Aussies richer, but single parents still lagging behind
MOST Australians are richer than they were 10 years ago - apart from single parents who continue to lag behind most other groups when it comes to personal finances.
The annual national Household Income and Labour Dynamics in Australia report was released this week, providing one of the best pictures of personal income and work in the country.
Lead author Roger Wilkins wrote the survey found between 2002 and 2010, median wealth of households rose 50.1% in real terms to $399,353.
He wrote the rate of wealth growth was highest for the poorest Australians, while there was a slight fall in the wealth of Australia's richest 1% of people.
"Interestingly, however, it appears that inequality in the distribution of wealth decreased between 2002 and 2010," Mr Wilkins wrote.
The report also revealed mean net wealth per adult household member rose 35% from $291,442 in 2002 to $400,617 in 2010.
It also confirmed Australia's youngest independent people were the lowest paid, with incomes increasing until people turned 55, at which point wealth fell slightly.

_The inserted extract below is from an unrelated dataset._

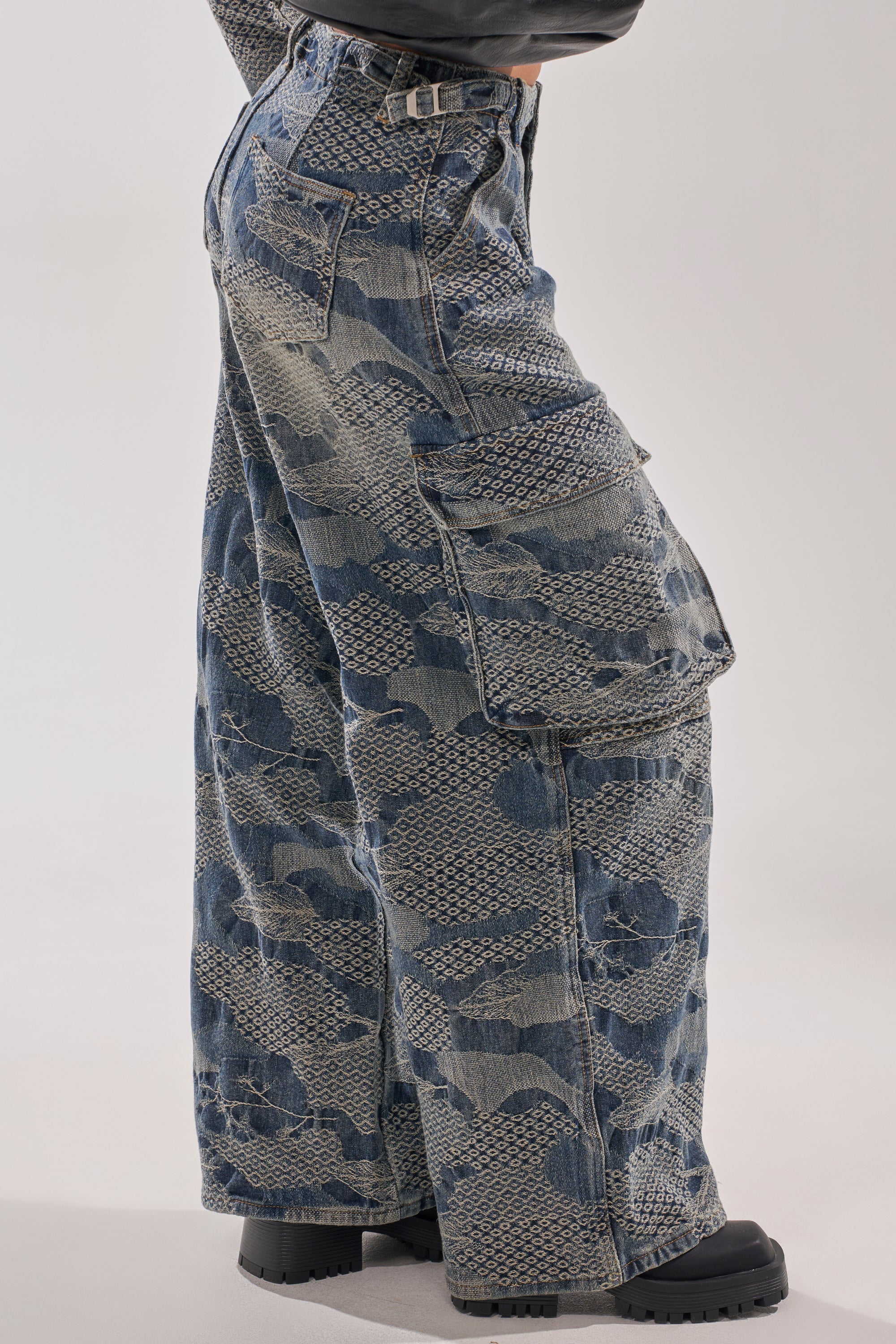 A person wears the I THINK YOU WANNA KNOW DENIM CARGO PANT, featuring wide legs, patchwork lace denim details, and side pockets with chunky black boots. Only their lower body is visible against a plain background. 6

Mr Wilkins wrote non-elderly single people, including lone parents, had the lowest average wealth levels at about $70,000 in 2002 and about $100,000 in 2010.
"Elderly couples have the highest median net wealth followed by non-elderly couples without dependent children and then non-elderly couples with dependent children," he wrote.
"Growth in median wealth between 2002 and 2010 was around 50% for the majority of family types, the exceptions being non-elderly couples and non-elderly single females, for which growth was around 30%."
Household income includes the combined income of all members of a household, plus government pensions and deductions of taxes, adjusted for inflation, creating figures that may seem high but are more statistically accurate.